Well, this was the last day of the ranch. Actually, it was more like a transition day since we were leaving the estancia in the morning by the same van/truck that picked up and then drop us off in the nearest town called Tecuarembo where the bus would pick us up. And that trip was damn cold and wet as the vehicle was going fast and the wind and rain picked up along with it. I still managed to suck it up but it was miserable at times. It was also bittersweet leaving the ranch and the out fields since I really enjoyed the horseback riding and being detached from the modern world of electronics and the internet. The last time I was out in the wild for awhile with few people around was probably survival school that I attended a few years ago.
In town, I also got my passport sent to me here so I would be able to travel across borders again since Guillerme and Diana pulled a deal to get my passport back (along with the Brazilian visa in it). I don’t know how they did it but they got it somehow by having someone retrieve the passport and sent there. Something funny happened while we were in town. Because the town was a resort town, famous for its hot springs, the place has a lot of restaurants, hotels, and stores that are used to seeing tourists. Well, I happened to arrive at the restaurant a bit late and went to the restroom, finding out that I did not have a seat with the rest of the group. No big deal, I can sit by myself which was what I did. However, when it came to ordering food, I got to order first probably due to everyone else being wishy-washy on what to get. There was a huge difference though that separated me from the others was that I spoke Spanish and they didn’t. I think the waitress was tired of dealing with English-only tourists and did not come by their table at all. I remember seeing this confused, yet pissed off face on all of them wondering what the hell was going on after I got my meal before they ordered and they got there before I did!
They all eventually got their meals but it was funny to see the whole thing turn out. What’s the overlying message about all this? Attempt to speak the local language, no matter how bad. The thing is that at least you try. The whole world speaks English but only “hello,” “thank you,” and “goodbye” and that’s it. They would like to be fluent but probably never will be. I’m in a different category as I’ve studied Spanish in school and on my own so I know how to speak it more advanced which was probably why I always went out where the locals were and the others stayed within themselves. And despite the fact I might speak Spanish with some errors and with a Mexican vocabulary (Spaniards, Argentineans, and Uruguayans always do a double take on my Spanish being different before realizing it was Mexican-based), I at least get respect from the locals for speaking the language.
For example, after eating at the restaurant, I walked around town for a bit and saw this guy fishing in the river. I went up to him and started speaking to him in Spanish and asked him about fishing and what he could catch and so forth. He did end up catching two fish while keeping him company in the rain and it was interesting how open these people were if you’re willing to speak the local language. It really does open the doors and not keep people in which happens to a lot of travelers.
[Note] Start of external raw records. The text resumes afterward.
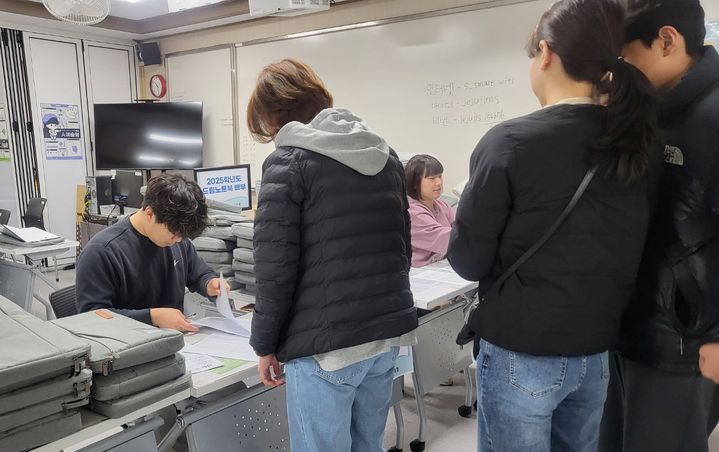 [제주=뉴시스] 지난 2025년 2월18일 제주도교육청 드림노트북 배부 모습. (사진=뉴시스 DB). photo@newsis.com *재판매 및 DB 금지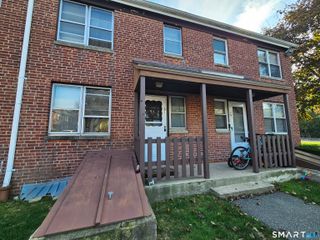 81 Louisiana Avenue 81, Bridgeport, CT 06610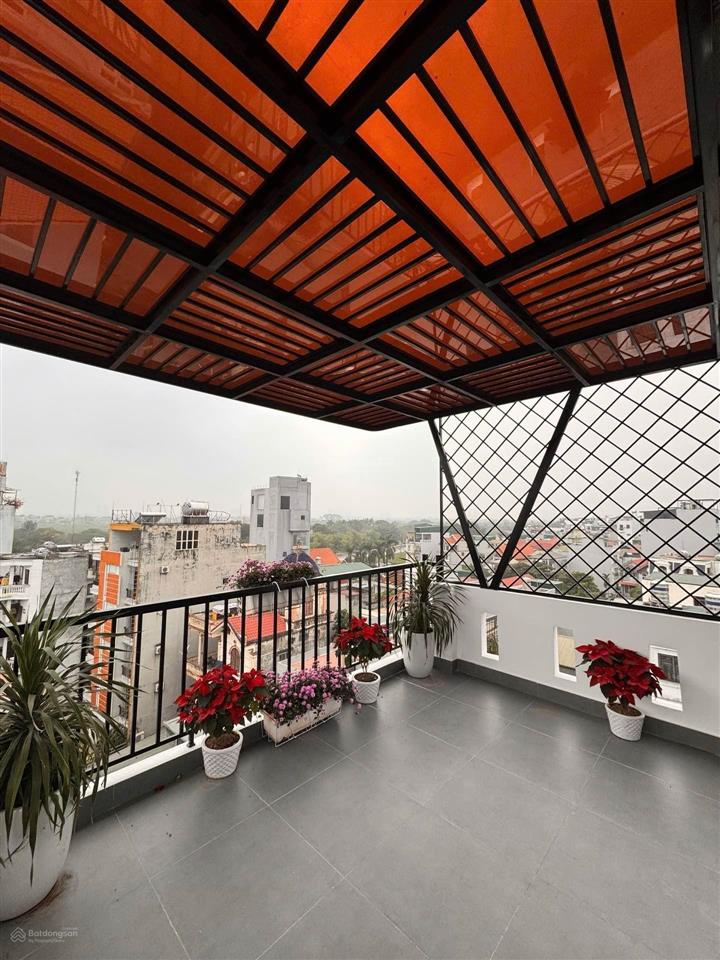 Mua nhà long biên, khu trung tâm, gần aeon mall, có thang máy, đường ô tô thì nền chốt căn này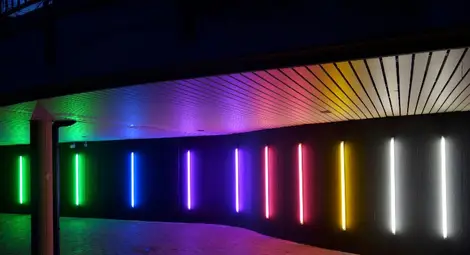 Германката Зора Кройцер изпълва  Дом Канети със светлинни потоци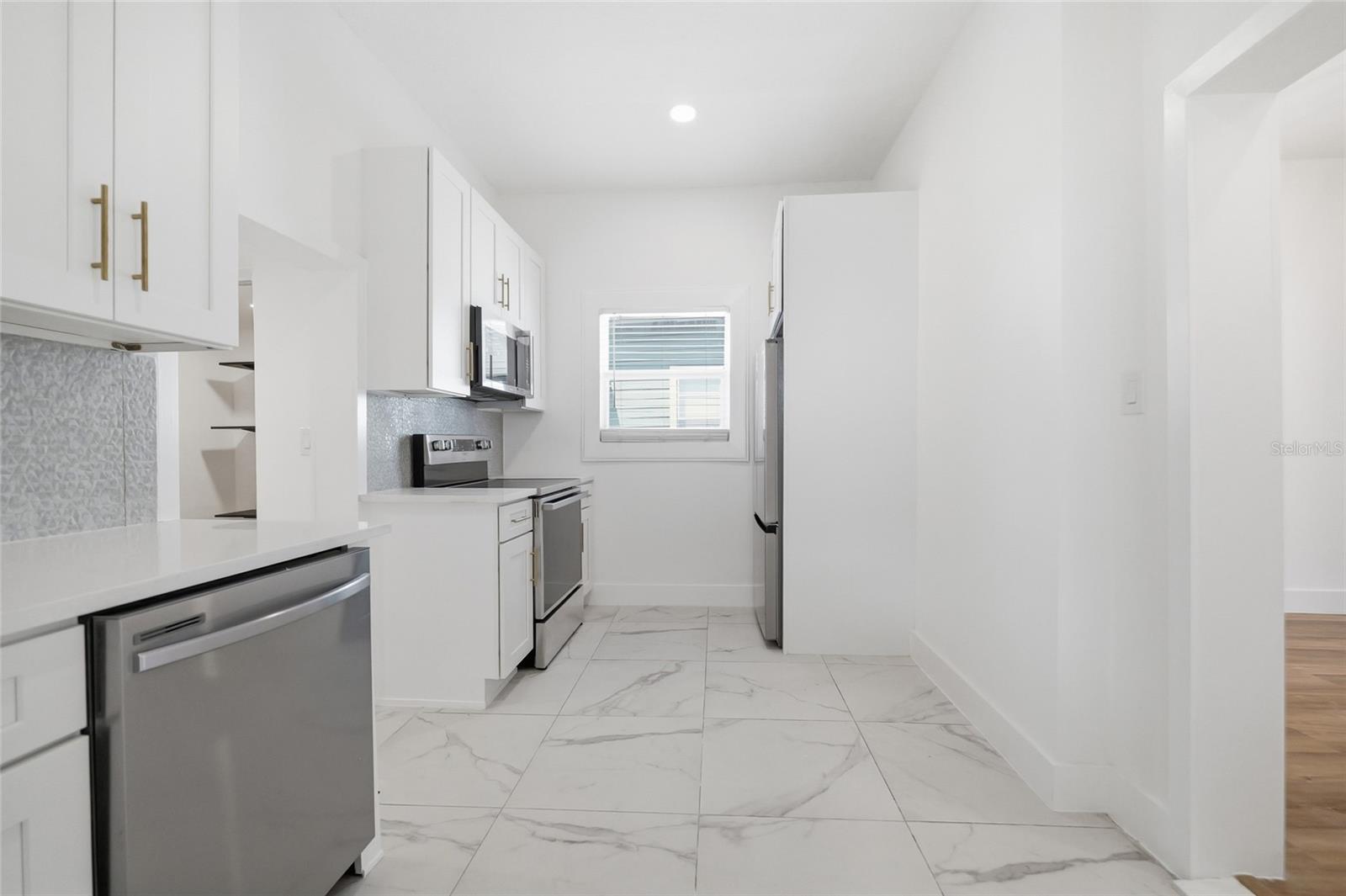 2120 W NASSAU ST, TAMPA, FL, 33607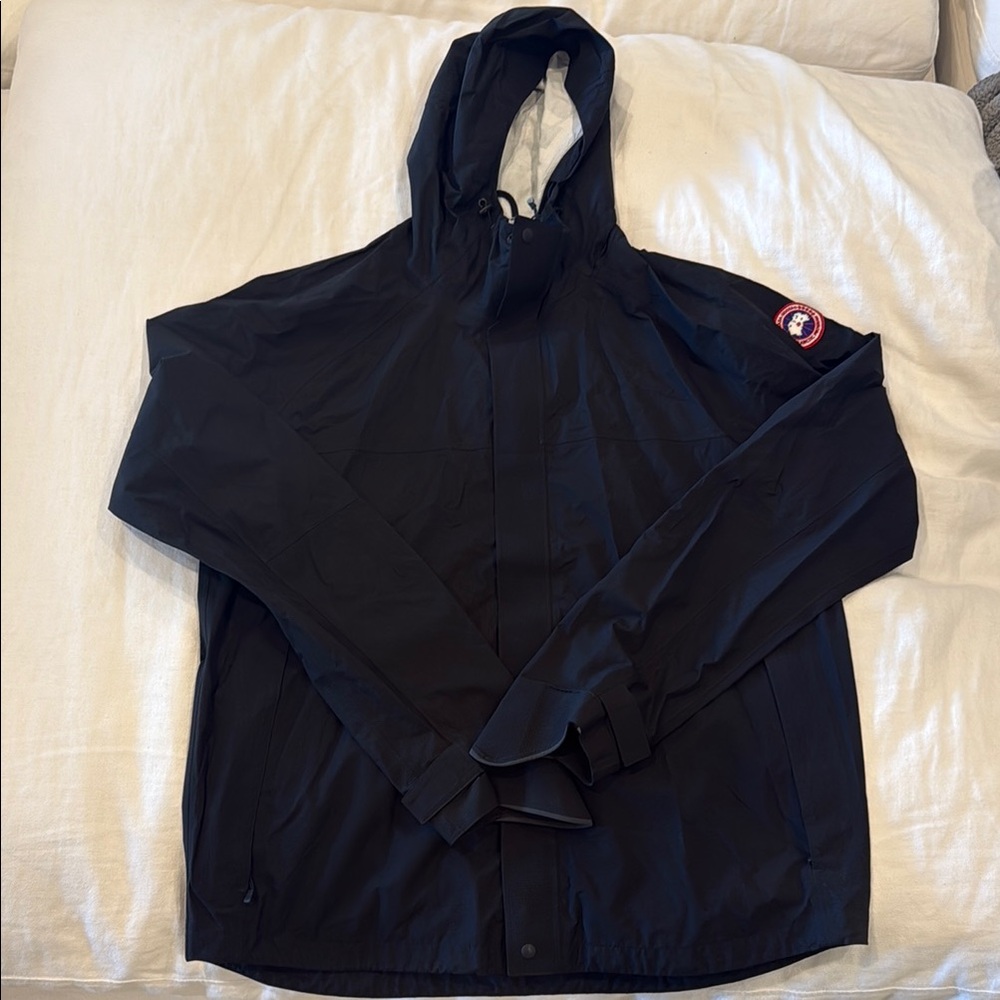 Men's Black Canada Goose Hooded Rain Jacket Size XL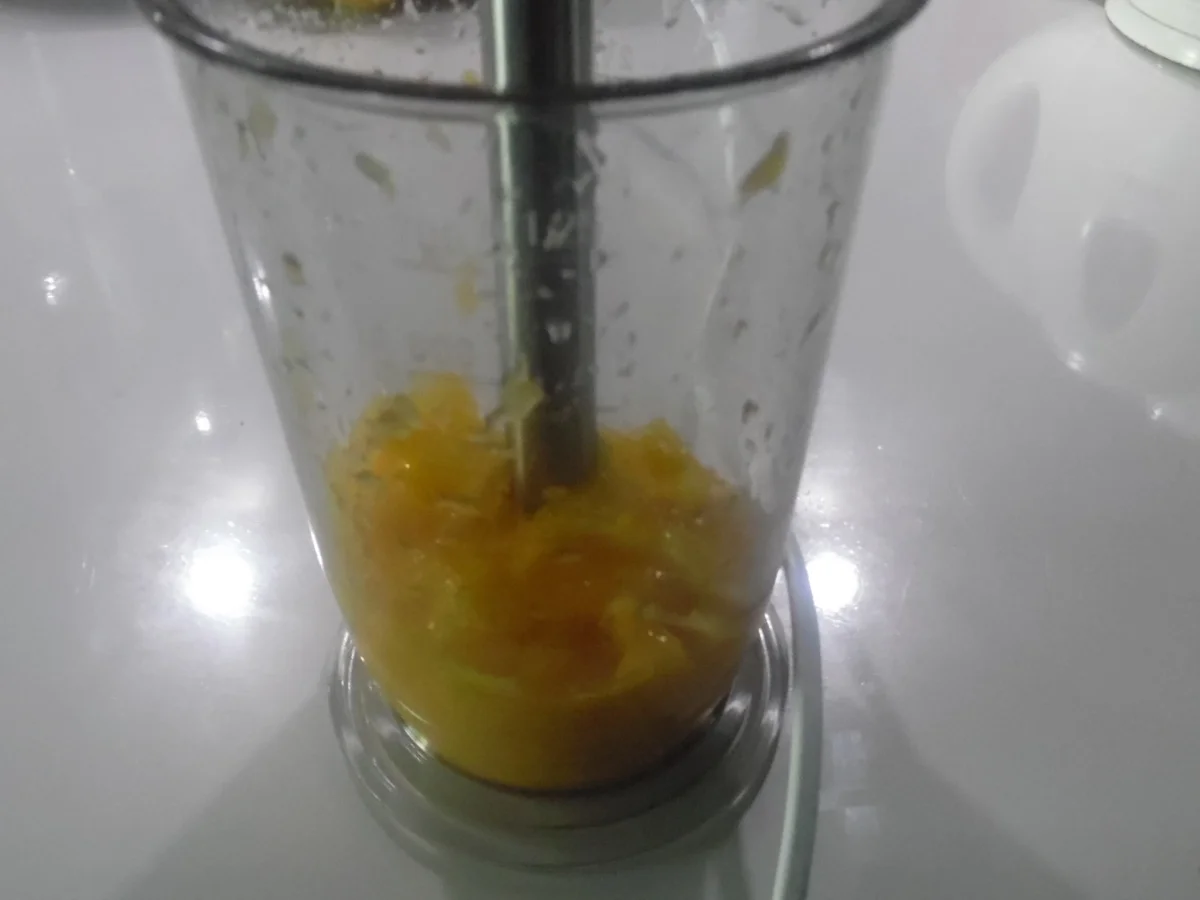 Garnelen in scharfer Kokos-Mango-Soße im Reisring - Rezept - Bild Nr. 1438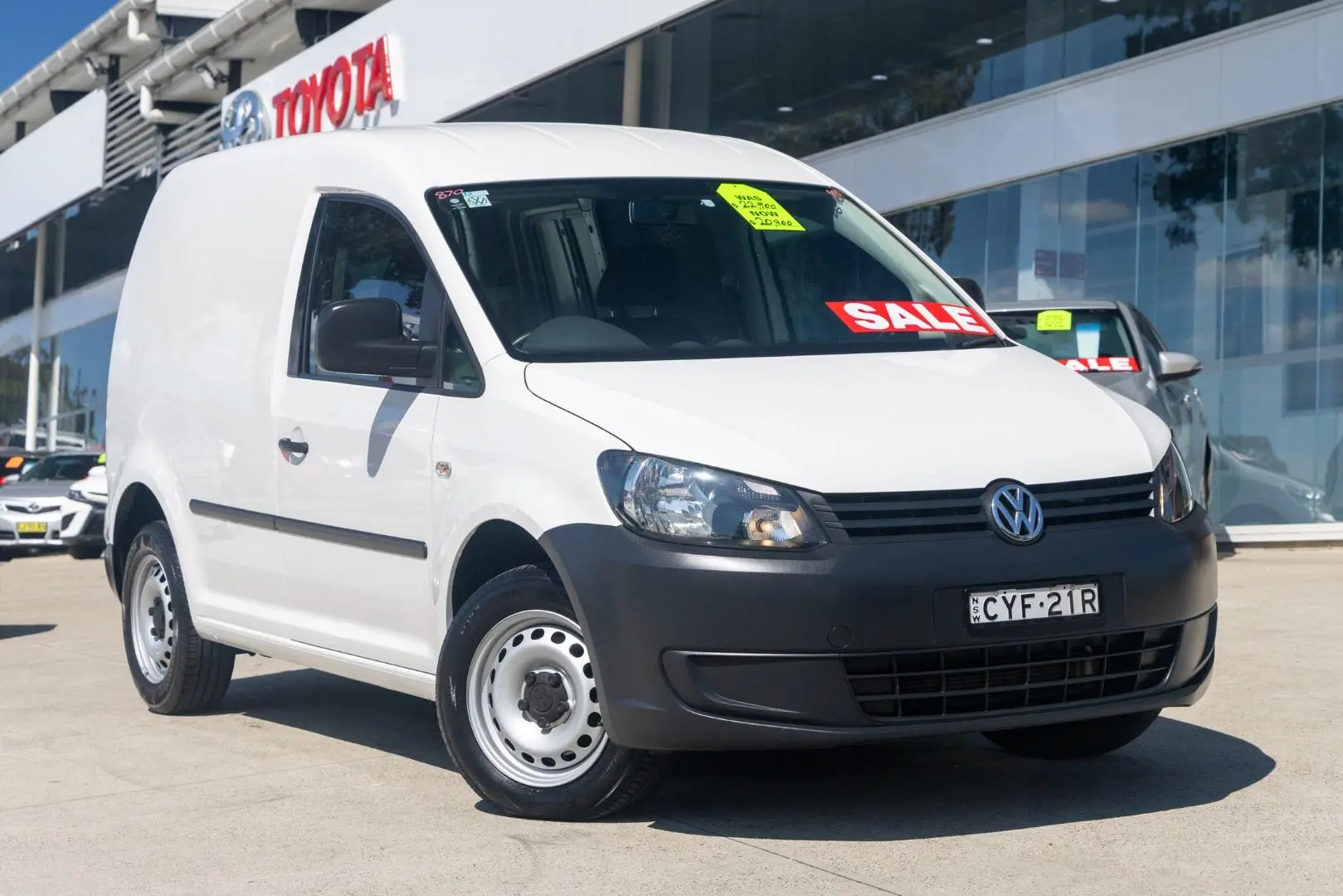 2015 Volkswagen Caddy Gallery Image 1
This incident happened again when we were at the bus station on the Argentinean side and I bought some of empanadas after inquiring where I get some. The other travelers were wondering what I was eating and where’d I get them from and I pointed to an old lady selling them, “just ask in Spanish and she’ll give them to you.” No one wanted to do it. Well, too bad for them they missed out on some great-tasting empanadas since we were getting on the bus to go up to Brazil. The Foz de Iguaçu (Iguaza Falls) and Brazil were going to be up!